I am pretty new to teradata. I am creating a simple data cube based on an existing transac table in TD12 and i have been told to collect the stats on a few tables i have created.
So i am using the below query to look for the stats
HELP STATISTICS D_TEST ;, but it is coming up as NO STATS DEFINED FOR THIS TABLE.
Not sure if have to define the statics once i create any table,if so how do i go about doing it, please shed some light.
You need to select which columns would be used frequently in JOINs and then you need to collect stats using below command:
COLLECT STATISTICS ON <Database Name> COLUMN (<Column Name>);
Also .... in case you have some queries handy .... which will be frequently executed .... you can execute following command in a session:
DIAGNOSTIC HELPSTATS ON FOR SESSION;
And then get the EXPLAIN (F6 key) for getting the explain of the query and it will suggest you some stats to collect. You do need to execute those statements to be able to be in affect.
Also note, this command only gives you a hint of stats to be collected. Best case may not be as same as the suggestions.
Thanks for clarification in the previous posts.
I have used the belwo SQL to get the stats
COLLECT STATISTICS ON TEST COLUMN (TEST1);
and 2 rows have been processed, how do i go about looking at the stats data, where will they be stored?
You can use HELP STATISTICS <TableName> or from Teradata Administrator you can right-click on a table and click on 'Statistics' to get the stats that are collected.
It will list down columns on which stats have been collected and the unique values that are present in that column.
Same information is stored in DBC.StatsTbl, but you should prefer using the above 2 methods.

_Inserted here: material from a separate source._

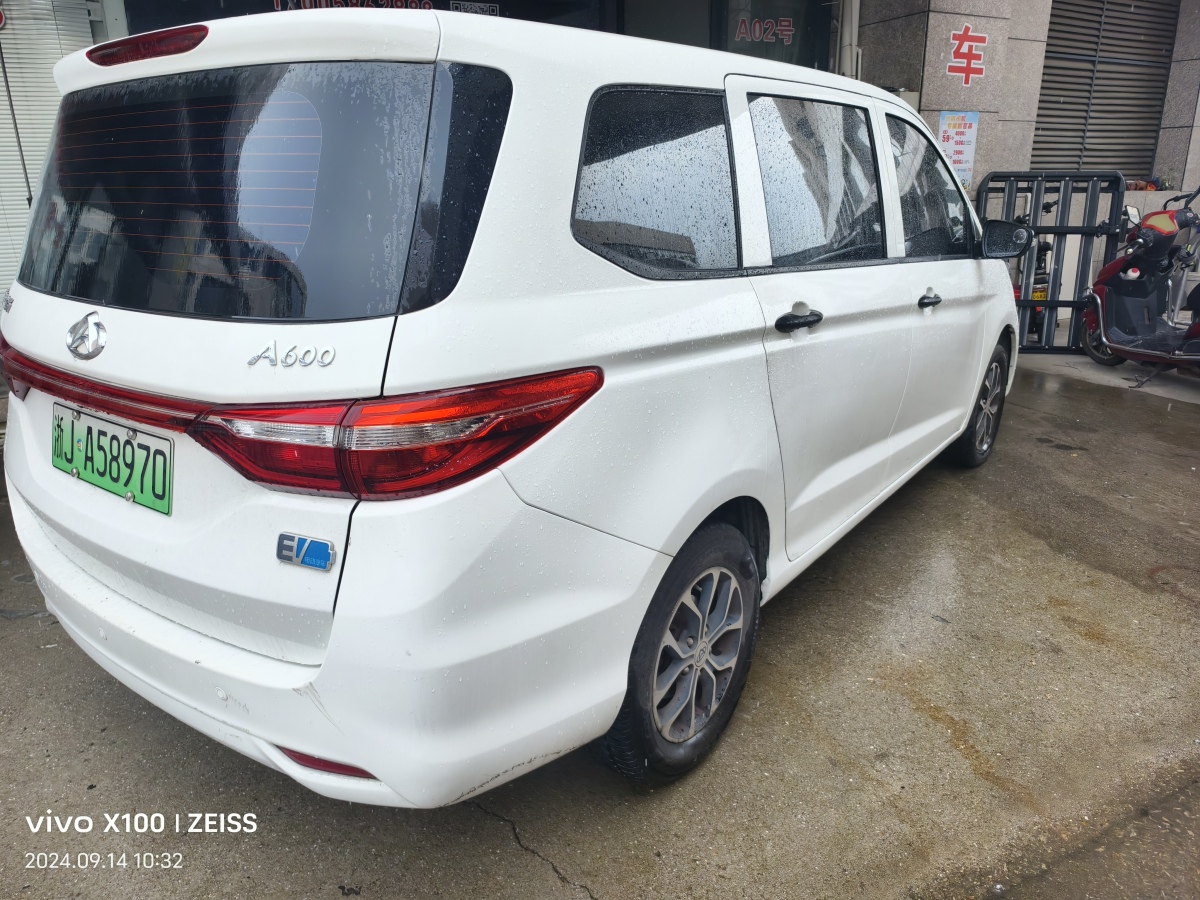 長安歐尚 歐尚EV  2019款 A600 EV 6座圖片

It is working, but only one column at a time. Is there a way we can set stats on a whole table at a single shot. I have tried something like
COLLECT STATISTICS ON <DB.Table Name>, but it is not working, i had to set up one column at a time and it is really time consuming.Please suggest!
You don't want/need to collect stats on each and every column because they must be re-collected from time to time (which is resource-intensive).

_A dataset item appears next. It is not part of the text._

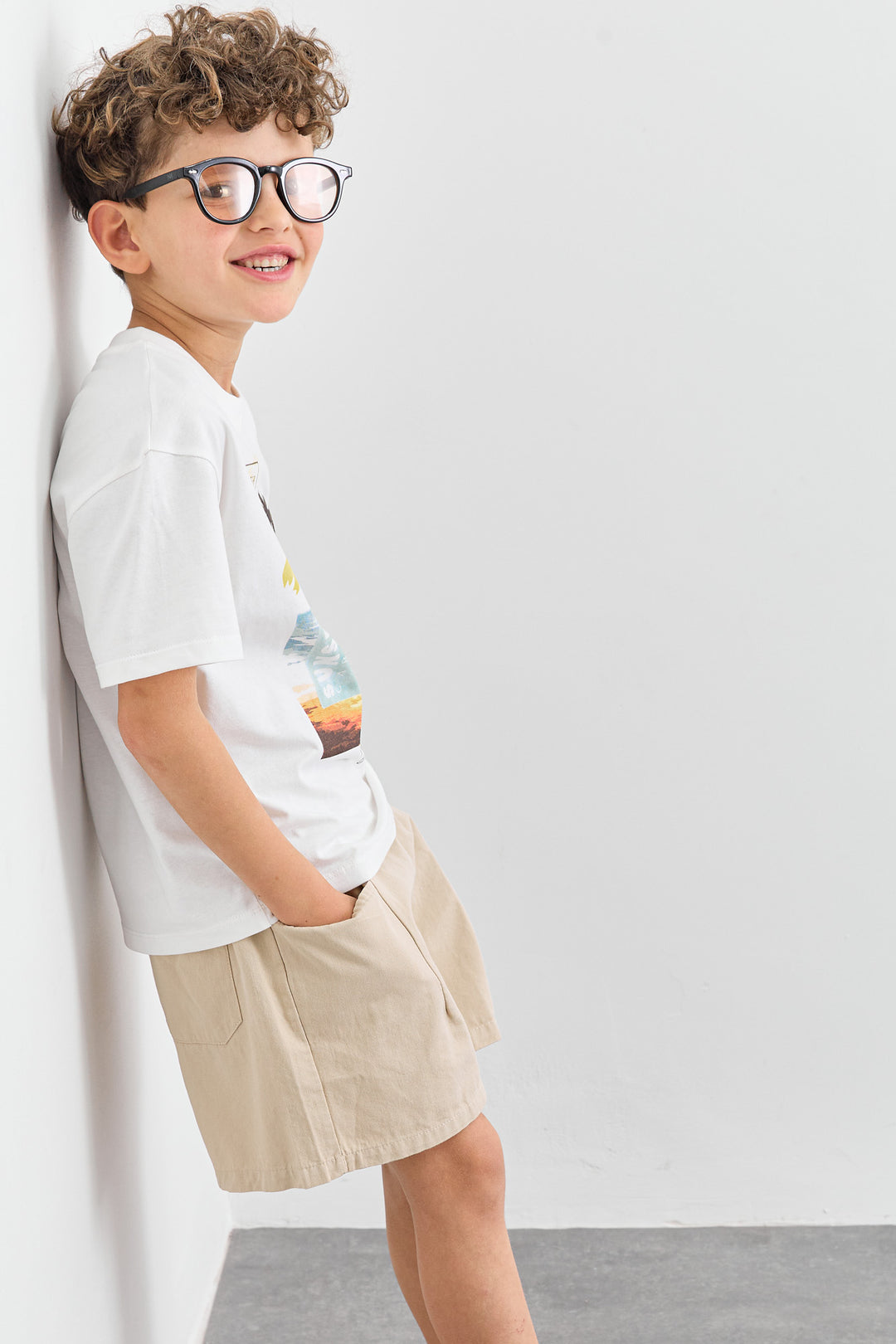 טישרט SUNSET גזרת אוברסייז | לבן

That's why you need to know/decide which columns need stats.
Collecting stats is a step-by-step process, and there is no 100% correct way of doing it. There can be a scenario which works best for you today .... but may not work the same way after some time [due to changed data dynamics].
Hence its a continous process and that is why it is on DBAs [usually] to track and add/remove COLLECT STATISTIC commands.
Collecting stats on all columns will not ensure your query will now run in a most optimized manner .... rather only collecting correct stats can ensure that.